* Problem description *
Copy the entries below word for word, but omit any pictures they contain.

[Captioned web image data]
-- Opening Marker --

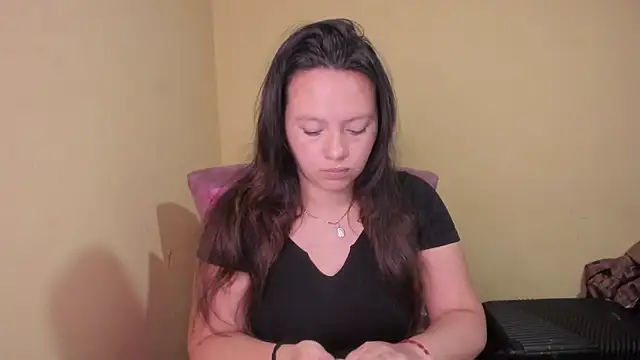 lauraguzman online show from June 17, 3:09 am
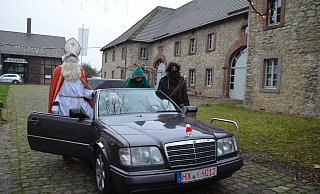 Der Nikolaus (Axel Goldbeck) zieht im Cabrio mit Knecht Ruprecht (Bernd Hanewinkel) und Zwerg (Mia Goldbeck) durch Ottbergen. - Nicole Niemann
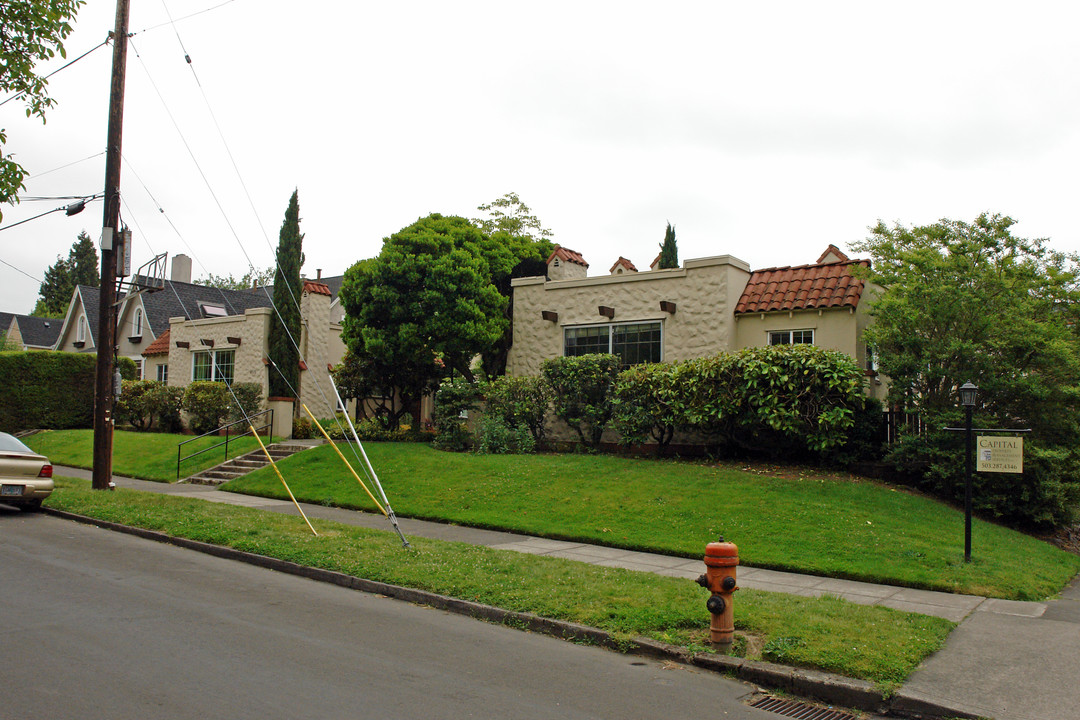 2010 SE Sherman St in Portland, OR - Foto de edificio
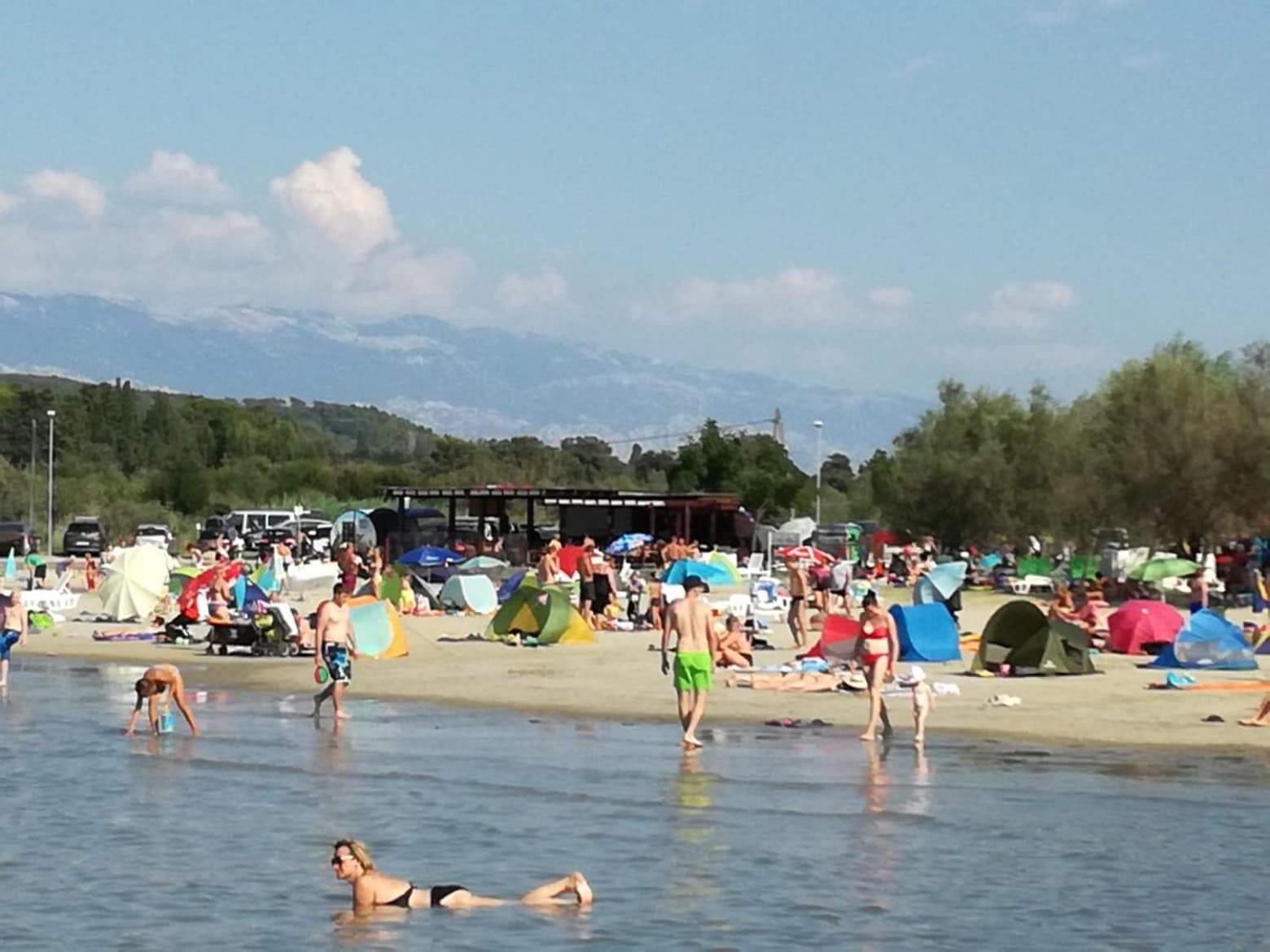Apartman Larisa Daire Kampor Dış mekan fotoğraf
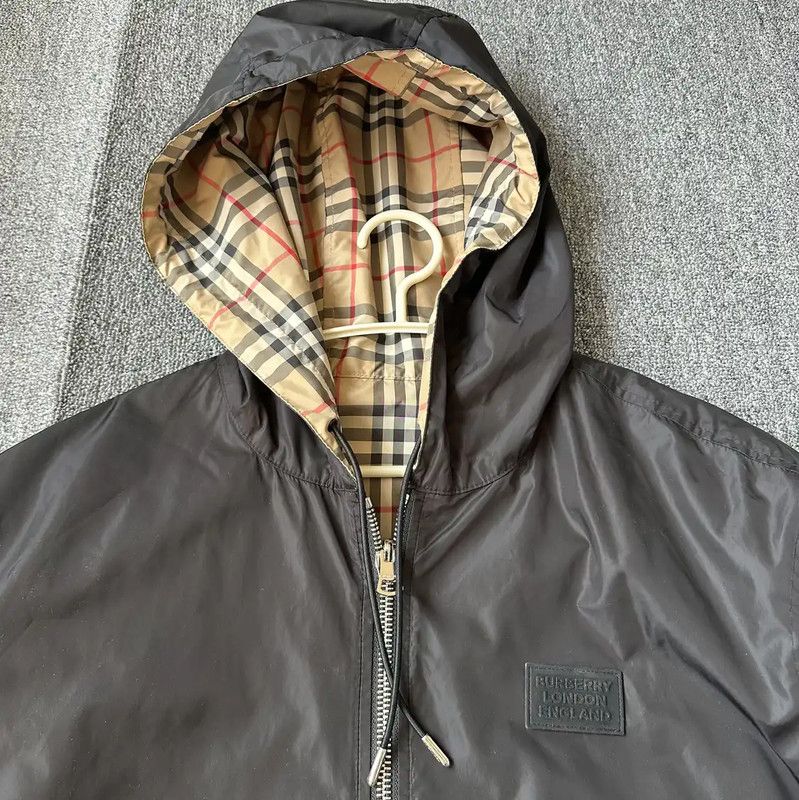 Burberry Burberry Men's Black Nylon Hooded Jacket Size US XL / EU 56 / 4 - 7 Thumbnail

-- Closing Marker --

* Response below *
 lauraguzman online show from June 17, 3:09 am
 Der Nikolaus (Axel Goldbeck) zieht im Cabrio mit Knecht Ruprecht (Bernd Hanewinkel) und Zwerg (Mia Goldbeck) durch Ottbergen. - Nicole Niemann
 2010 SE Sherman St in Portland, OR - Foto de edificio
Apartman Larisa Daire Kampor Dış mekan fotoğraf
 Burberry Burberry Men's Black Nylon Hooded Jacket Size US XL / EU 56 / 4 - 7 Thumbnail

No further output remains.